Dance is an expensive field on account of the costumes, venue and stage options. More so for Indian classical dances because the tradition of performing it on a proper stage in front of a knowledgeable audience adorned in the traditional attire and jewellery has to be followed. The financial expenses intensify with the addition of live music, which is why many artists prefer to use recordings rather than live orchestra. Swaroopa acknowledged that the struggle is real when it comes to arranging the venue, stage, lights and costumes and to add-on to that, promotion of shows and sale of tickets/ invites. However that hasn’t stopped all her shows from being a sell-out until now!

Natyaloka usually hosts its annual productions between August and October every year and apart from that, participates in several cultural events set up by the Dunedin City Council.
Explaining the process undertaken for her annual productions, she writes-” I look for a theme for my show every year and rehearsals start 7-8 months before the actual production. Initially during class hours and then closer towards the programme, say 2-3 months before we meet on Sunday for extra rehearsal. Planning for Themes for production start right after one is finished the previous year. I start with booking the venue, hiring sound and light and hiring the tech and photographer and letting the students and their parents know about the production and rehearsal details at the beginning of the year. Costumes and jewellery are sourced from India which my parents help me organize.”

A lover of all dance styles, currently she is focused on Bharatnatyam. While the performer in her believes in maintaining her individuality in the choreographies, as a teacher she encourages her students to find their own individual style in synchronization with the choreographic works. Swaroopa enjoys projecting contemporary issues in her dances as well as undertaking concepts showcasing women as powerful characters. She writes,” Creativity is a process on its own. I observe a lot. I read a lot too. So when I come across something that is interesting to me, that triggers a spark in my mind I go about researching it and try to come up with a choreography and music.”

Her passion for using dance as a medium of change is explicitly indicated in her belief that Indian classical dance has a bright future ahead due to its beautiful story-telling feature which can be used to address contemporary issues of today and not just remain as an “exotic spectacle.”

Swaroopa feels that in terms of marketing, self-branding plays an important role for a dance entrepreneur to attain opportunities and use it as a wheel for promotional activities. Although she admits at being bad in promoting herself, she takes every given opportunity to promote her students through Natyaloka. Apart from that, she indulges in word-of-mouth, Facebook, fliers-around-the-city and articles in local newspapers as marketing strategies before a show. However, at the beginning of every year she does advertise for new enrollments at local newspapers in line with the promotion for Natyaloka.

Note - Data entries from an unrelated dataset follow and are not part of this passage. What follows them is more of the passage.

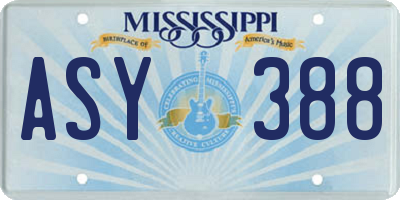 MS license plate ASY388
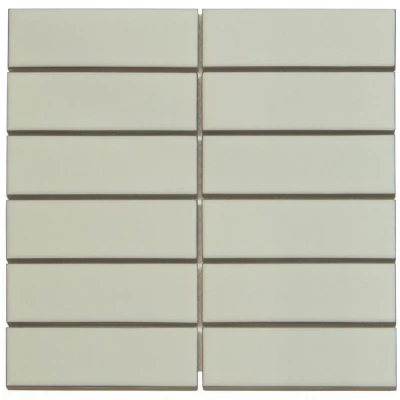 Afbeelding van The Mosaic Factory Barcelona Rechthoek Café Latte Glanzend 4,5x14,5 cm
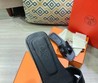 Женские шлепки Hermes 2022 кожаные черные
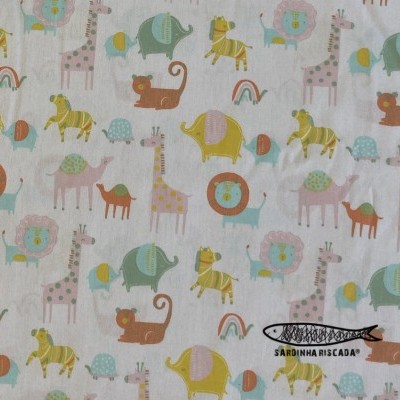 Algodão orgânico - Safari Friends - White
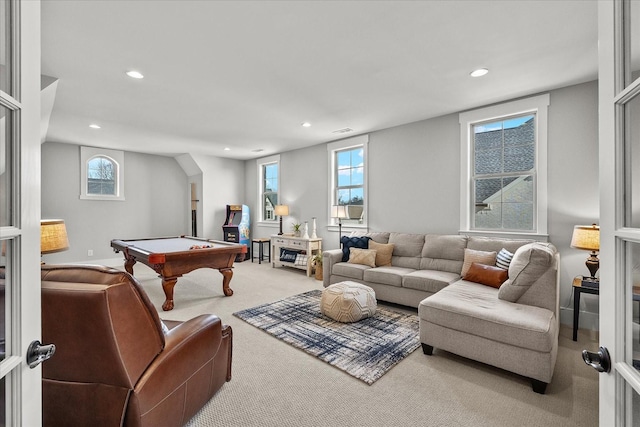 recreation room with recessed lighting, carpet, visible vents, and pool table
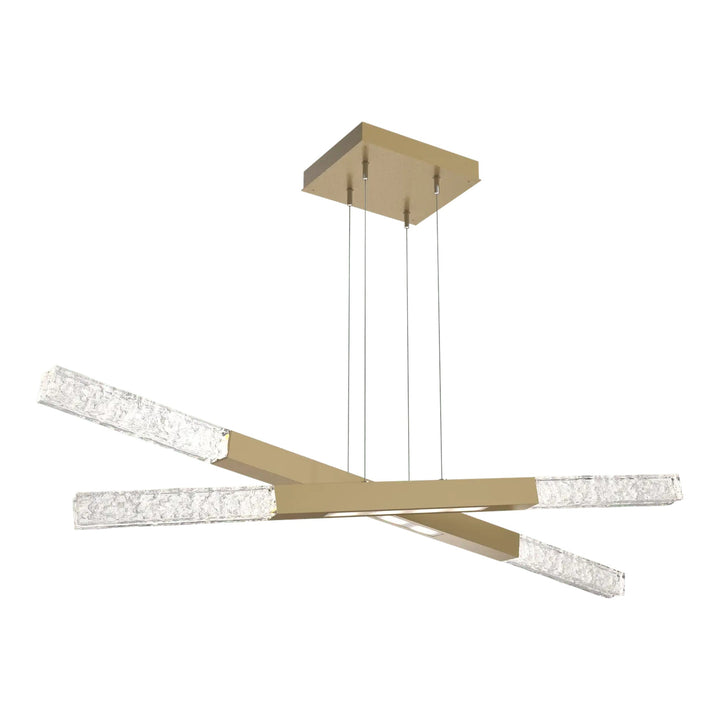 Axis Moda Multi-Piece Linear Chandelier by Hammerton Studio in Gilded Brass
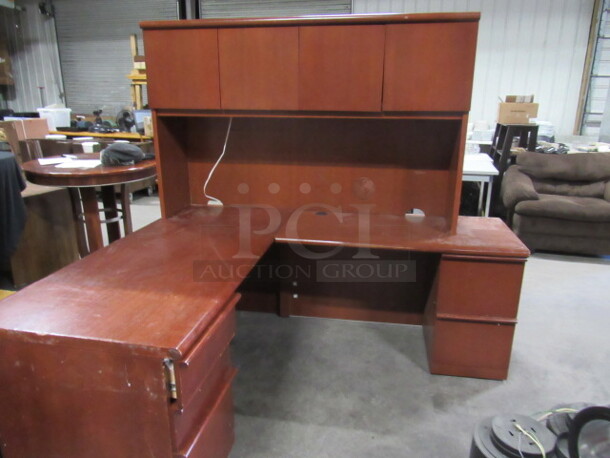 One 3 Piece Desk With Hutch Top With 4 Doors, And 4 Drawers. 78X30X71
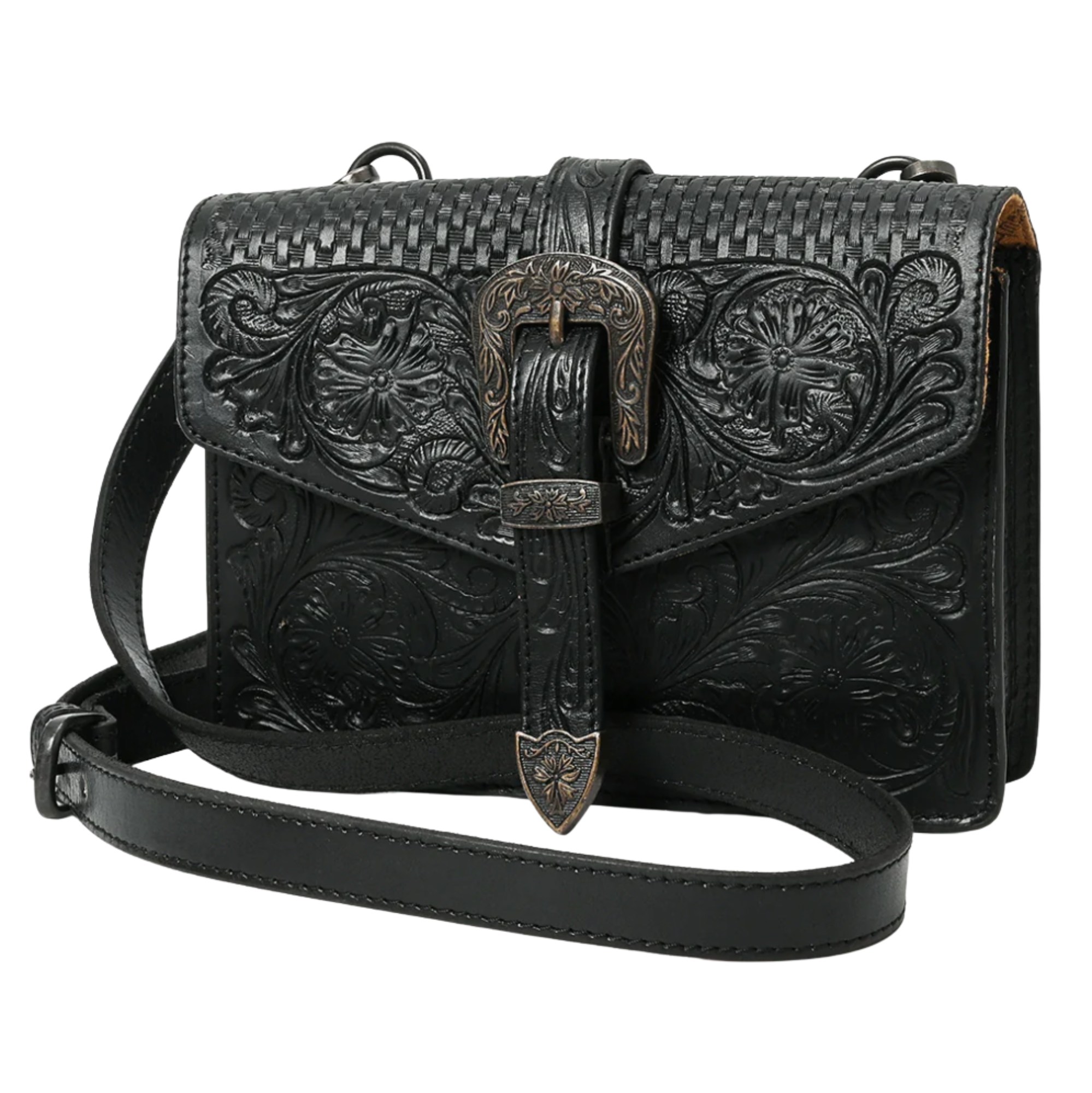 Tooled Black Leather Crossbody With Top Strap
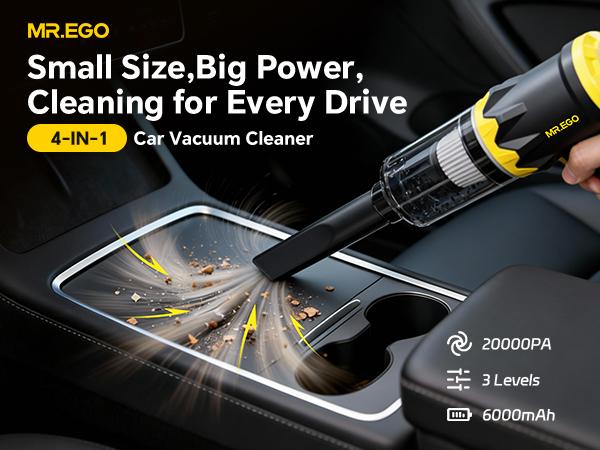 MR.EGO 20000Pa, G2 Car Vacuum Portable Cordless, 4-in-1 Mini Vacuum Cleaner with 20,000Pa Powerful Suction, Type-C Charging, 2 Suction Modes, Ultra-Light for Car, Home, Desk, Keyboards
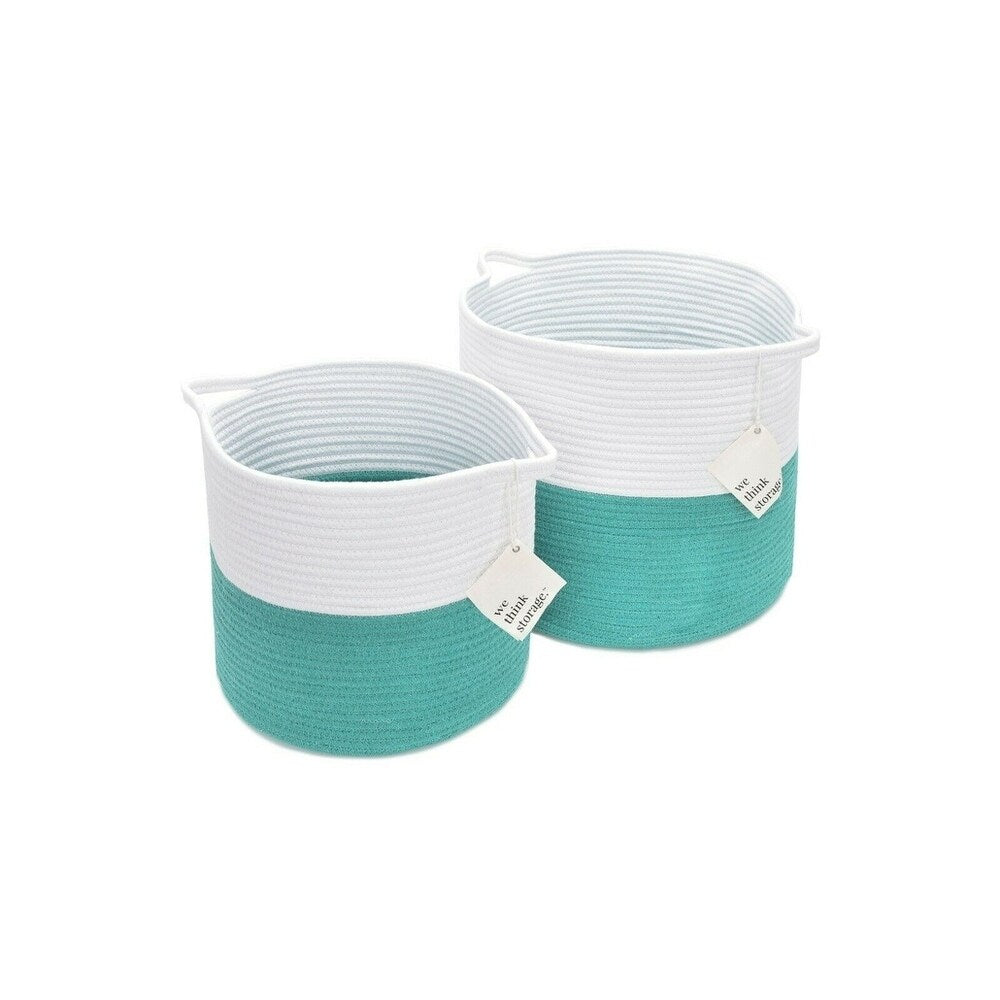 StorageWorks 100%Natural Cotton Rope Hand-Woven Baskets-Two Color Design 2 Pack
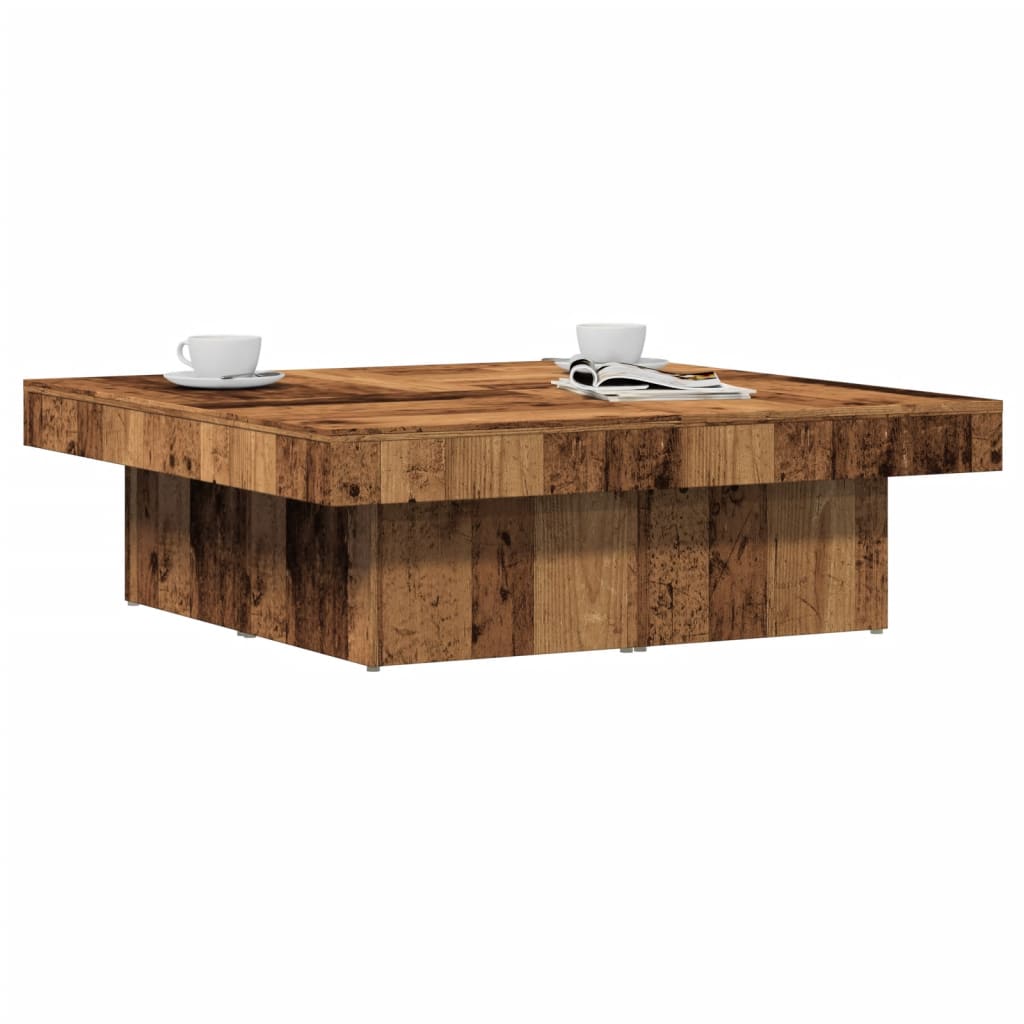 Coffee Table Old Wood 90x90x28 cm Engineered Wood - Brittle & Co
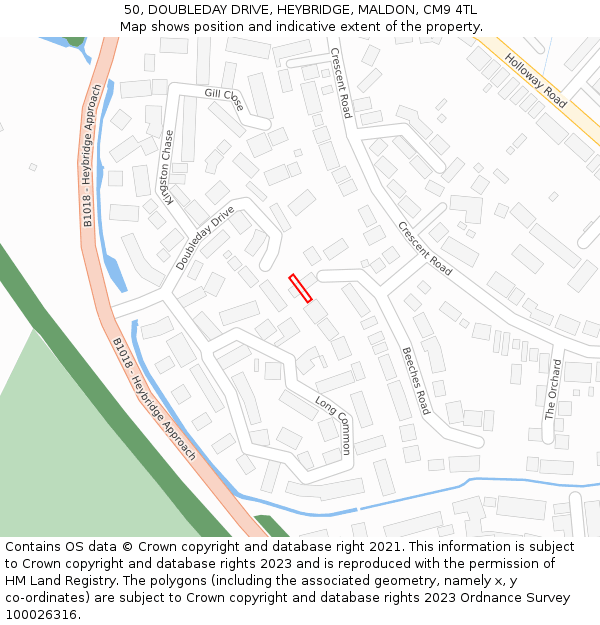 50, DOUBLEDAY DRIVE, HEYBRIDGE, MALDON, CM9 4TL: Location map and indicative extent of plot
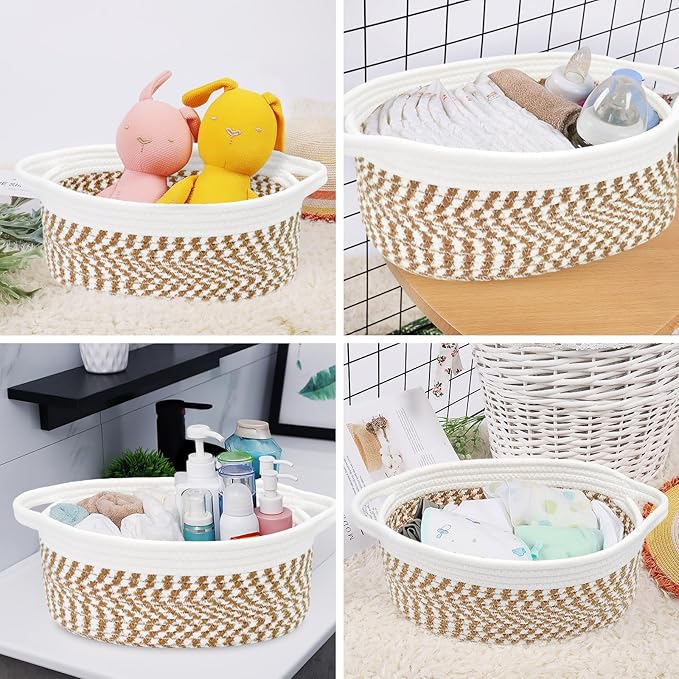 ABenkle Small Basket, Rope Room Shelf Storage Basket, Cat Dog Toys Basket Chest - Image 6
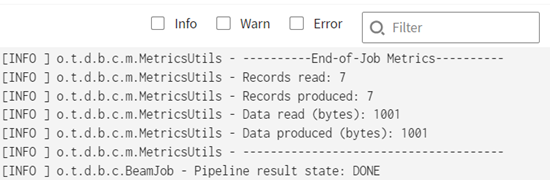 The Logs panel indicates that 7 records have been read, and 7 records have been produced during the pipeline execution.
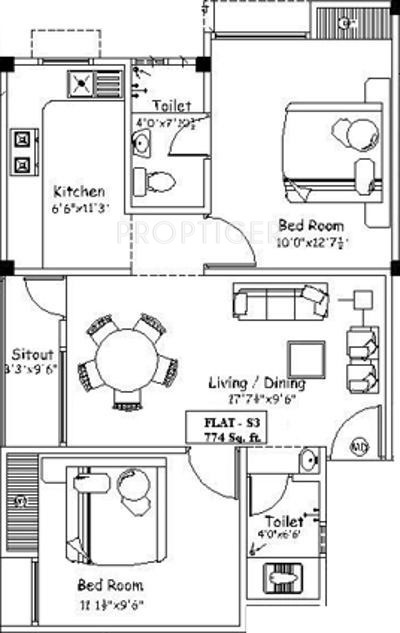 Varaha Varaha Vijayam (2BHK+2T (774 sq ft) 774 sq ft)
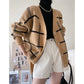 Large Check Loose Long Sleeve Sweater Jacket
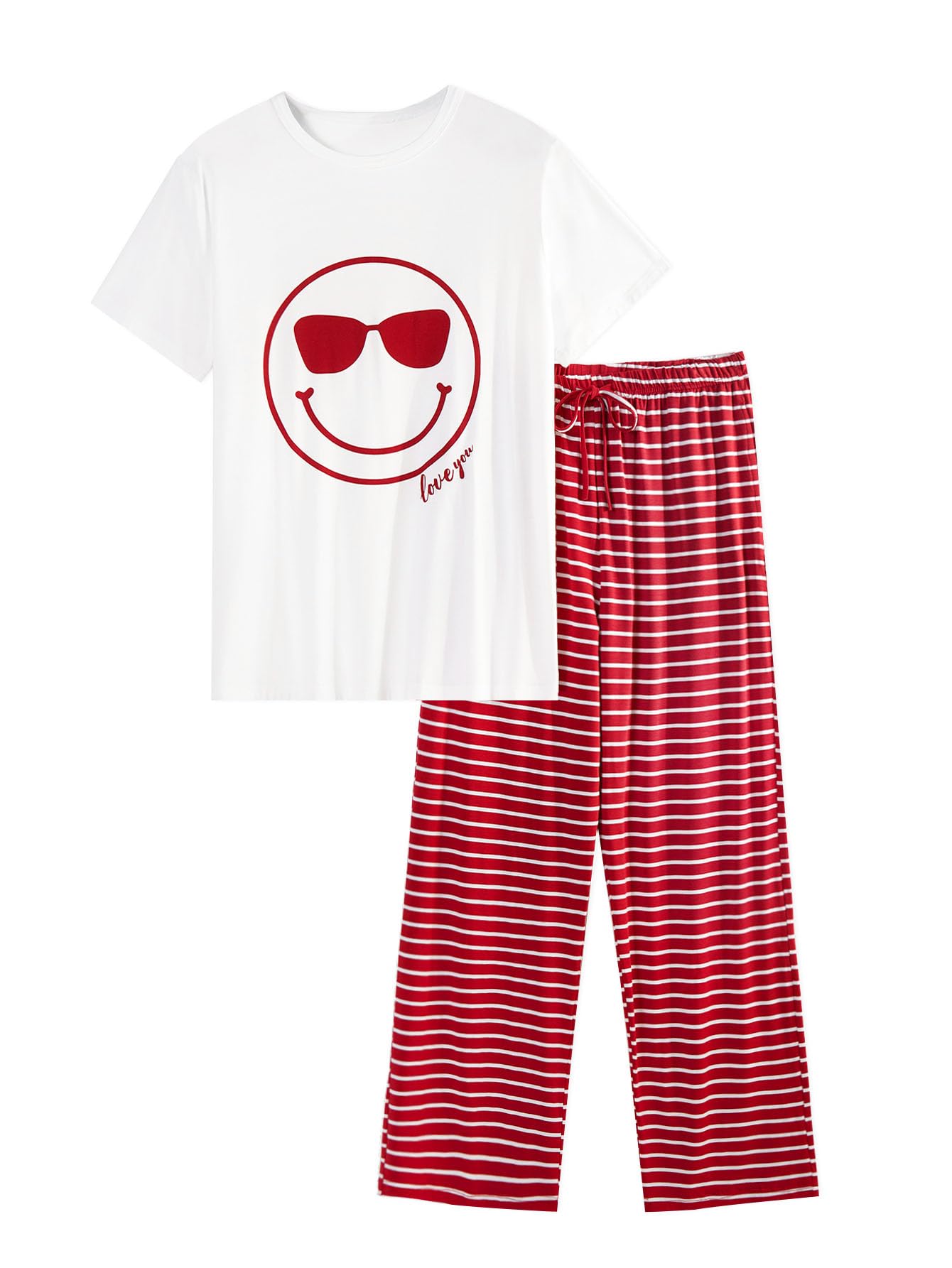 MOSSRIVER Family Pjs Matching Sets Short Sleeve Graphic Tops Holiday Shirts Cute Pajamas Pants Set Vacation Summer Outfits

Even though it took 2 years for Natyaloka to create a name in the Dunedin dance scene, Swaroopa is happy with the active participation of Natyaloka in the Dunedin dance community and the name it has created for itself in the dance sector. Although bigger cities like Auckland and Wellington have a number of Indian classical dance institutions, she feels the sector is small but growing.

When asked how things would have been different if she started her school in India, she writes- “India would have been different. Easier to get students because dance is part of our lives and there is no need for an explanation. But I am happy I started here because I can look at my dance objectively. My perspectives, ideas and philosophies have changed.”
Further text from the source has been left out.